Bangladeshi expatriate workers sent a record amount of remittance home in May. They sent $1.75 billion, a new monthly record, during the holy month of Ramadan to ensure that their loved ones back home can celebrate Eid-ul-Fitr with more festivities. The amount received in May was 22.43 percent higher than that received in the same month the previous year. Earlier, the highest amount of remittance inflow in a single month was $159.72 crore in January this year. May’s inflows take the remittance receipts in the first 11 months of the fiscal year to $15.50 billion, up 11.74 percent year-on-year. According to central bank sources, one of the reasons for the spike in remittance is that many banks are offering competitive rate to attract remitters with a view to strengthening their foreign exchange reserve. Besides, strong dollar rate against the local currency has also prompted expatriates to remit additional money. On May 30, the interbank exchange rate was Tk 84.50 for a dollar, up nearly 1 percent from a year earlier. Executive Director and spokesperson of Bangladesh Bank Serajul Islam told Bangladesh Post, “Remittance inflow has recently increased as the central bank has taken a series of initiatives, including encouraging expatriates to send their hard-earned money through the banking channel instead of the illegal ‘hundi’ system.” Both the central bank and commercial banks ran awareness programmes abroad, he added. He also hoped that remittance inflow will exceed $1.600 crore ($16 billion) in the ongoing fiscal year 2018-19, which will also be a record in a single year. It is to be noted that remittance is one of the driving force of the country’s economy. At present more than a crore country’s people are living abroad. They contributed 12 percent in the country’s GDP. Bangladeshi expatriates sent home $11.65 billion in FY11, $12.84 billion in FY12, $14.46 billion in FY13, $14.23 billion in FY14, $15.31 billion in FY15, $14.93 billion in FY16, $12.77 billion in FY17 and $14.98 billion in FY18 respectively. A BB official said the central bank is still working to increase remittances from across the world.
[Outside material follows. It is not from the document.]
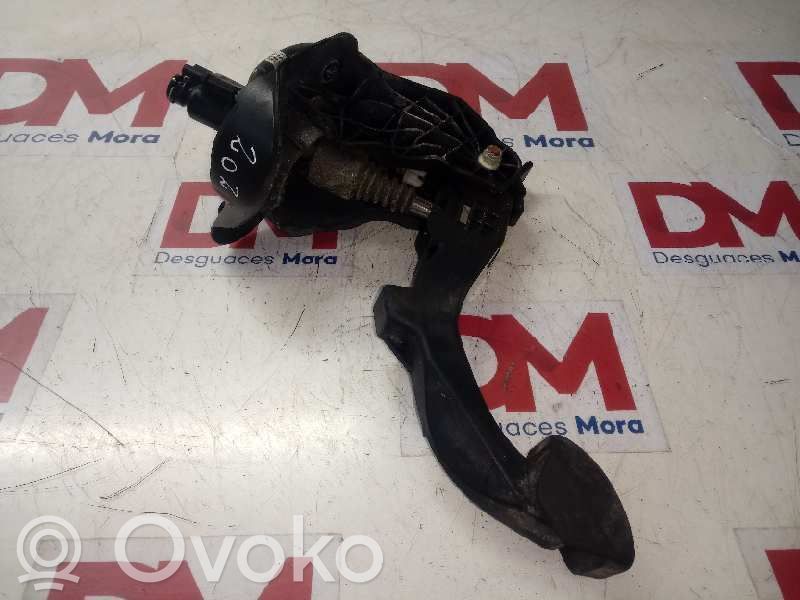 Pedal de embrague   9820886180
Bangladesh Bank would submit a set of recommendations to the government to boost the remittance inflow up further, he informed. He said Bangladesh Bank had been in a state of worry regarding the slide in remittance earnings during the last couple of years, but the country has now witnessed a turnaround through fetching foreign currencies in recent times.
Md Adel Haque, former joint director of the central bank, told Bangladesh Post, “Bangladesh’s economy is witnessing a sound growth with the constant rise in remittance earnings because of various effective initiatives of the government.” He said Bangladeshis working abroad have to go through various problems due to lack of proficiency in foreign languages, few vocation-specific skills and poor basic formal education, putting them at risk of losing jobs. In order to boost remittance inflow further, the government should focus on addressing these issues side by side tapping new job markets like in the European region, he added. Haque said employment of skilled labourers aboard as well as market diversification can significantly increase the remittance flow in future. Currently, 29 money exchange houses are operating across the globe with 1,205 drawing arrangements set up abroad to boost the remittance inflow, according to the BB official.